自关注是各种基于变换的自然语言处理模型的最先进的准确性的关键促成因素。这种注意力机制计算出句子中每个单词与其他单词的相关分数。通常,只有一小部分单词与所关注的单词高度相关,这只能在运行时确定。因此,由于注意力得分低,大量的计算是无关紧要的,并且可能被修剪。主要的挑战是找到分数的阈值,低于这个阈值,后续的计算就不重要了。虽然这样的阈值是离散的,但本文通过一个集成到训练损失函数中的软可微正则器来表达它的搜索。该公式依赖于反向传播训练,同时对阈值和权值进行分析共优化,在精度和计算修剪之间取得了形式上的最优平衡。为了最好地利用这一数学创新,我们设计了一个位串行架构,称为LeOPArd,用于具有位级早期终止微架构机制的转换器语言模型。我们评估了MemN2N、BERT、ALBERT、GPT-2和Vision变压器模型的43个后端任务。布局后的结果表明,平均而言,LeOPArd分别产生1.9×and 3.9×speedup和能量降低,同时保持平均精度几乎不变(< 0.2%的下降)。
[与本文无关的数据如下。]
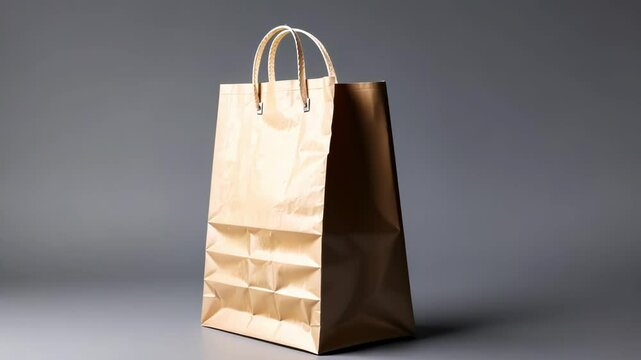 A stylish paper shopping bag stands against a neutral backdrop, highlighting minimalism and elegant design principles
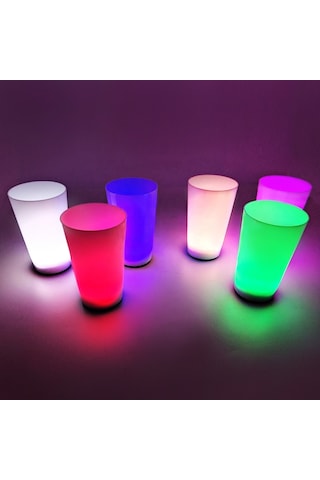 Glow Partisi Bardakları 6 Renk 6 Adet 1.5 Oz 4.5 X 6.5 Cm Renkli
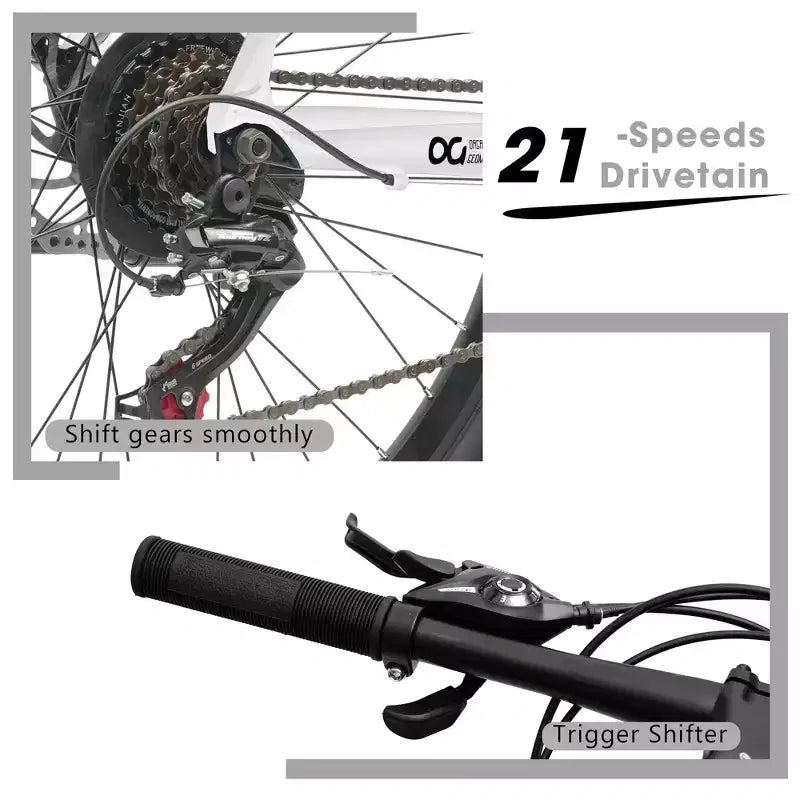 Mountain bike GDFStudio Trailcrest da 26 pollici per tutti i terreni, 21 velocità, con sospensione anteriore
本文章由计算机程序翻译,如有差异,请以英文原文为准。
查看原文
分享 分享
微信好友 朋友圈 QQ好友 复制链接
本刊更多论文
Accelerating attention through gradient-based learned runtime pruning
Self-attention is a key enabler of state-of-art accuracy for various transformer-based Natural Language Processing models. This attention mechanism calculates a correlation score for each word with respect to the other words in a sentence. Commonly, only a small subset of words highly correlates with the word under attention, which is only determined at runtime. As such, a significant amount of computation is inconsequential due to low attention scores and can potentially be pruned. The main challenge is finding the threshold for the scores below which subsequent computation will be inconsequential. Although such a threshold is discrete, this paper formulates its search through a soft differentiable regularizer integrated into the loss function of the training. This formulation piggy backs on the back-propagation training to analytically co-optimize the threshold and the weights simultaneously, striking a formally optimal balance between accuracy and computation pruning. To best utilize this mathematical innovation, we devise a bit-serial architecture, dubbed LeOPArd, for transformer language models with bit-level early termination microarchitectural mechanism. We evaluate our design across 43 back-end tasks for MemN2N, BERT, ALBERT, GPT-2, and Vision transformer models. Post-layout results show that, on average, LeOPArd yields 1.9×and 3.9×speedup and energy reduction, respectively, while keeping the average accuracy virtually intact (< 0.2% degradation).
求助全文
通过发布文献求助,成功后即可免费获取论文全文。 去求助
来源期刊
自引率
0.00%
发文量
0
期刊最新文献
BioHD: an efficient genome sequence search platform using HyperDimensional memorization MeNDA: a near-memory multi-way merge solution for sparse transposition and dataflows Graphite: optimizing graph neural networks on CPUs through cooperative software-hardware techniques INSPIRE: in-storage private information retrieval via protocol and architecture co-design CraterLake: a hardware accelerator for efficient unbounded computation on encrypted data
×
引用
GB/T 7714-2015
复制
MLA
复制
APA
复制
导出至
BibTeX EndNote RefMan NoteFirst NoteExpress
×
×
提示
您的信息不完整,为了账户安全,请先补充。
现在去补充
×
提示
您因"违规操作"
具体请查看互助需知
我知道了
×
提示
现在去查看 取消
×
提示
确定
0
微信
客服QQ
Book学术公众号 扫码关注我们
反馈
×
意见反馈
请填写您的意见或建议
请填写您的手机或邮箱
已复制链接
已复制链接
快去分享给好友吧!
我知道了
×
扫码分享
扫码分享
Book学术官方微信
Book学术文献互助
Book学术文献互助群
群 号:481959085
Book学术
文献互助 智能选刊 最新文献 互助须知 联系我们:info@booksci.cn
Book学术提供免费学术资源搜索服务,方便国内外学者检索中英文文献。致力于提供最便捷和优质的服务体验。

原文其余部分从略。